**Your objective:**
From the listing below, reproduce exactly the lines starting with the one with "Back Hand Mehndi Design with Figures" and going on through the one with "Novak Djokovic aus", both ends kept. No picture is copied.

**Data under study:**
--- START ---

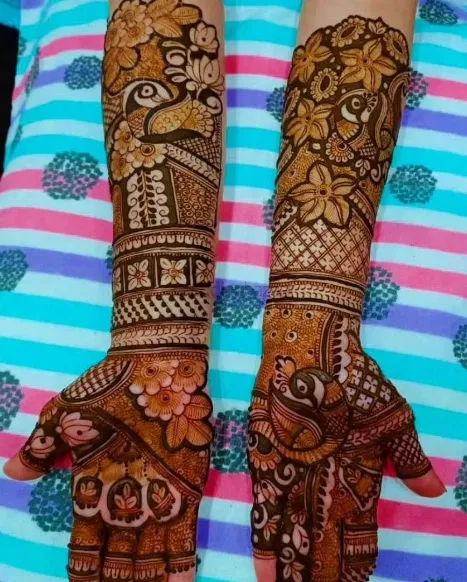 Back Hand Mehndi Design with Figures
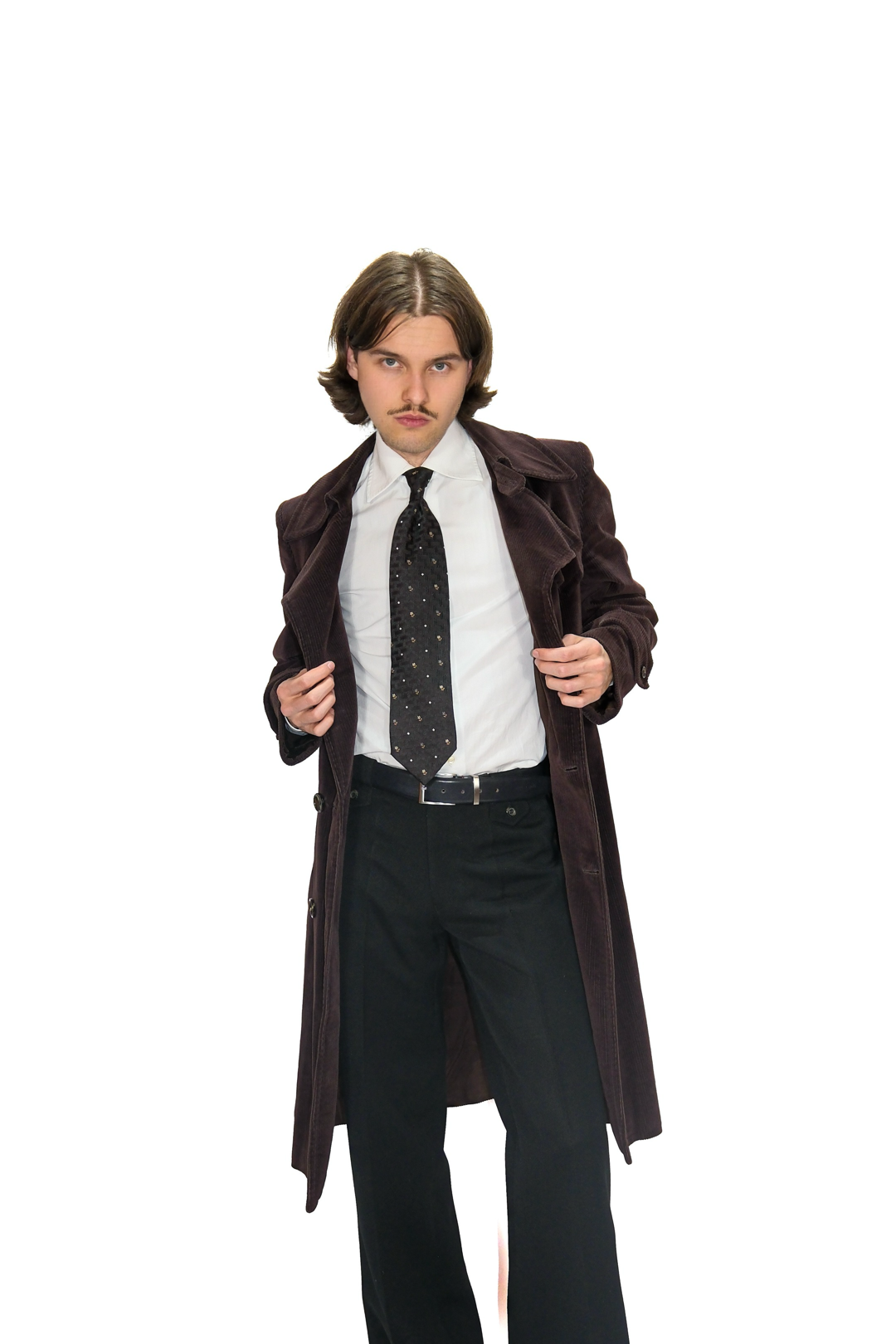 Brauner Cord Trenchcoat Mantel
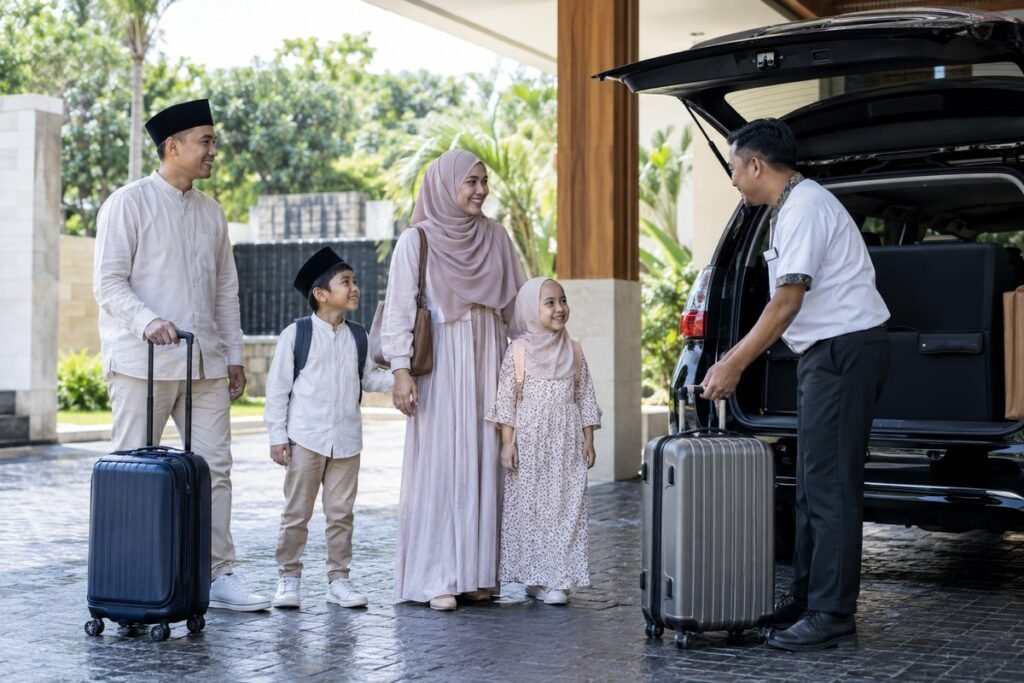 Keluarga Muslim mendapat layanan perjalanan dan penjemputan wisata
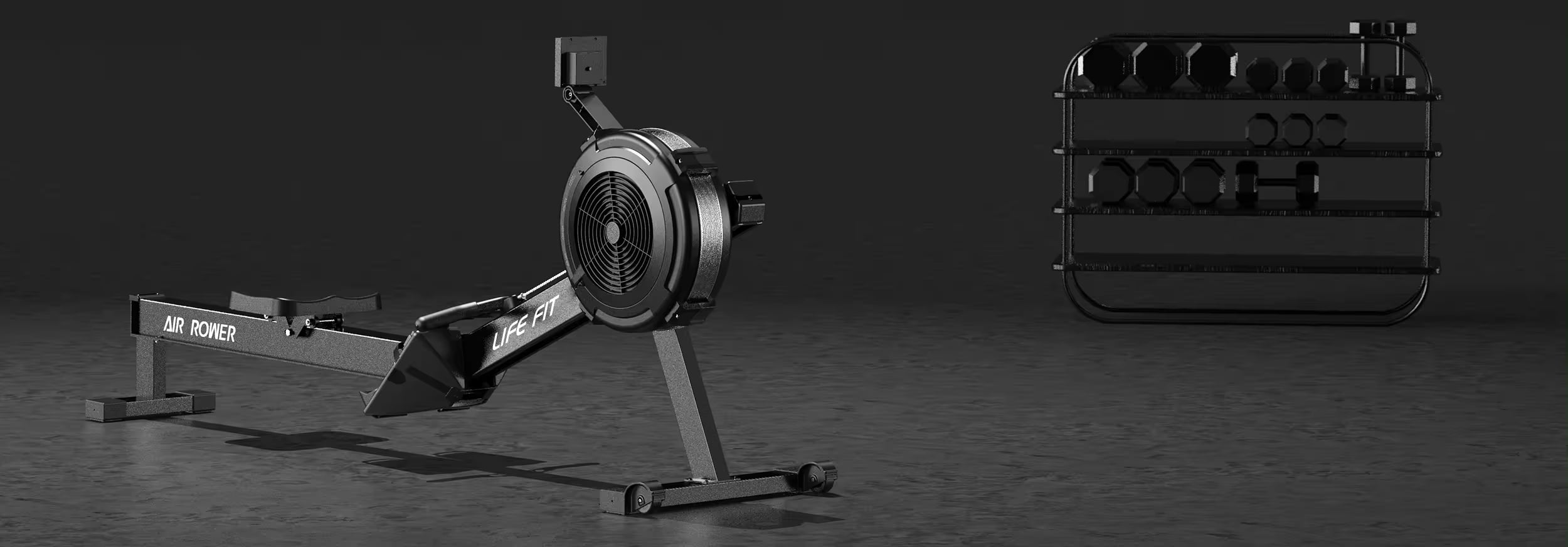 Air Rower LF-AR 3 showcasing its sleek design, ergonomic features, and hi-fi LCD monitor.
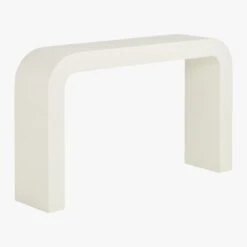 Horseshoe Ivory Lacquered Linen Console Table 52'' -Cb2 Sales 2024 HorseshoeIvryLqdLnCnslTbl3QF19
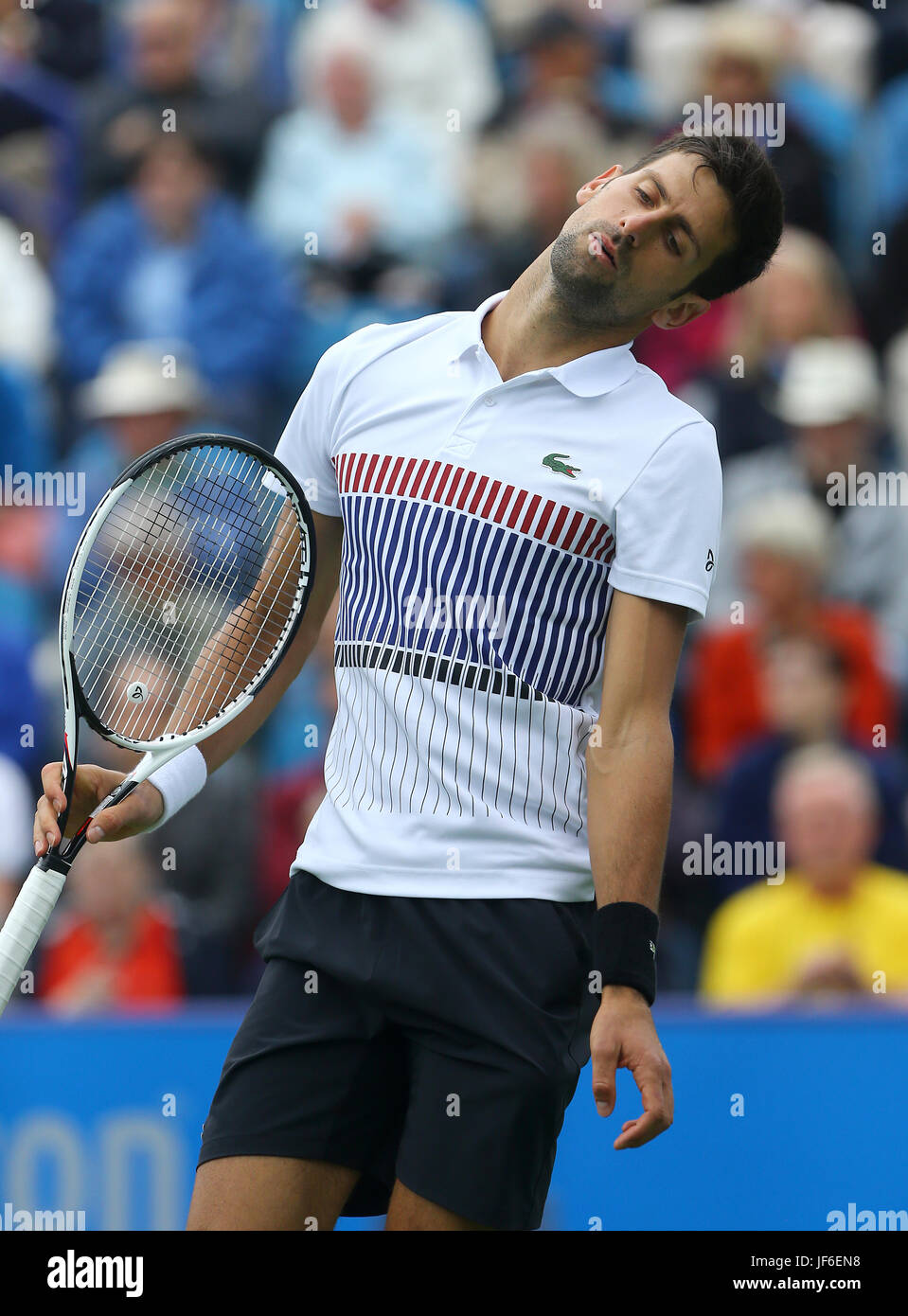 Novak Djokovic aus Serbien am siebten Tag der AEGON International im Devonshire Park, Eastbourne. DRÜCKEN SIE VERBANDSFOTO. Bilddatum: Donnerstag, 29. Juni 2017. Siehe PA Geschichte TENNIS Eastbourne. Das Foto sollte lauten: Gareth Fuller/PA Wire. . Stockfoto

--- END ---
--- START ---

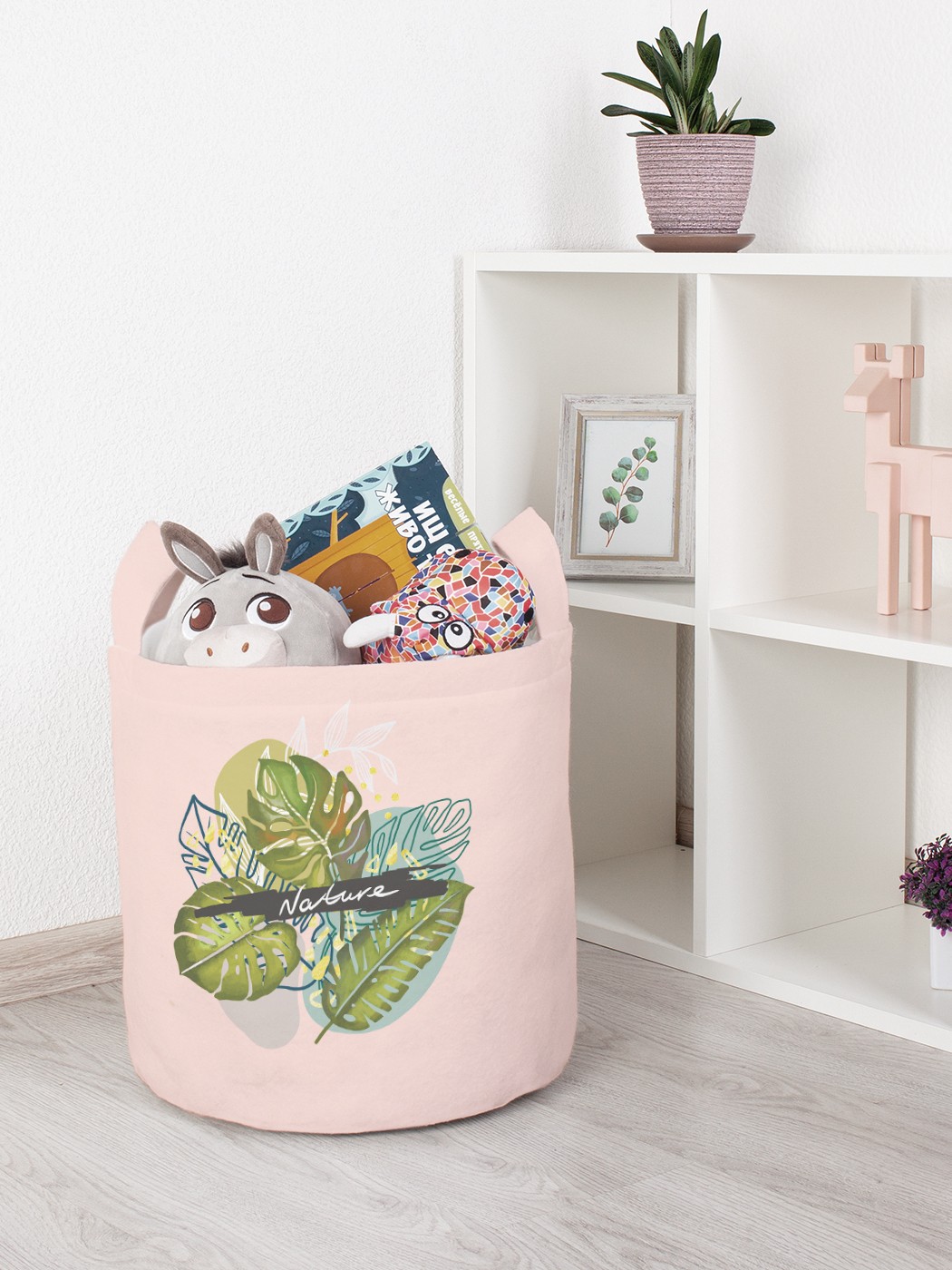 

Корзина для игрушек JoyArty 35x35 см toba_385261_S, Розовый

--- END ---

**Reply:**
 Back Hand Mehndi Design with Figures
 Brauner Cord Trenchcoat Mantel
 Keluarga Muslim mendapat layanan perjalanan dan penjemputan wisata
 Air Rower LF-AR 3 showcasing its sleek design, ergonomic features, and hi-fi LCD monitor.
 Horseshoe Ivory Lacquered Linen Console Table 52'' -Cb2 Sales 2024 HorseshoeIvryLqdLnCnslTbl3QF19
 Novak Djokovic aus Serbien am siebten Tag der AEGON International im Devonshire Park, Eastbourne. DRÜCKEN SIE VERBANDSFOTO. Bilddatum: Donnerstag, 29. Juni 2017. Siehe PA Geschichte TENNIS Eastbourne. Das Foto sollte lauten: Gareth Fuller/PA Wire. . Stockfoto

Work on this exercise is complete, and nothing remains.